Erysipelas – colloquially called erysipelas – (synonyms: erysipelas; ICD-10-GM A46: erysipelas [erysipelas]) is a nonpurulent infection of the skin and subcutaneous tissue (subcutis) that is predominantly caused by group A ß-hemolytic streptococci (GAS (group A streptococci); Streptococcus pyogenes).

It originates from a skin defect and spreads under the epidermis (cuticle) in the lymphatic vessels as well as in the connective tissue. Erysipelas presents as sharply defined severe redness.

The pathogen enters the body parenterally (the pathogen does not penetrate via the intestine), i.e. in this case, it enters the body via small lacerations in the skin, eczema or interdigital mycoses (toe interspace fungal infection) (= percutaneous infection).

The incubation period (time from infection to onset of disease) is usually a few hours to 2 days.

Sex ratio: Men are affected more frequently than women.

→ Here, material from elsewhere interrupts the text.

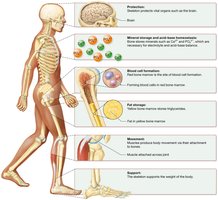 Summary of skeletal system functions.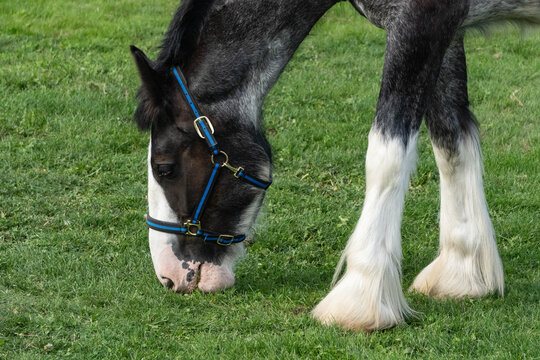 Close-up side view of a young Clydesdale horse (Equus caballus) wearing a blue halter grazing in an outdoor paddock, Canada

The incidence (frequency of new cases) is about 100 cases per 100,000 inhabitants per year.

Persons with pre-existing conditions such as diabetes mellitus, obesity with chronic venous insufficiency (hypertension (high pressure) in the venous system leading to changes in the veins and skin), chronic lymphedema (increase in tissue fluid due to damage to the lymphatic system), stasis eczema, and immunosuppression (process that suppresses immunological processes) are particularly at risk.

Course and prognosis: The infection can be treated well with antibiotics and heals within a few days without consequences if the immune system is intact. In severe cases, hospitalization may be necessary. Hospitalization is indicated in cases of blistering (erysipelas vesiculosum et bullosum) and bullous-hemorrhagic (blistering-bleeding) erysipelas.

Erysipelas is often recurrent (recurring). Note: Recurrent erysipelas is said to occur when ≥ 2 episodes occur in three years.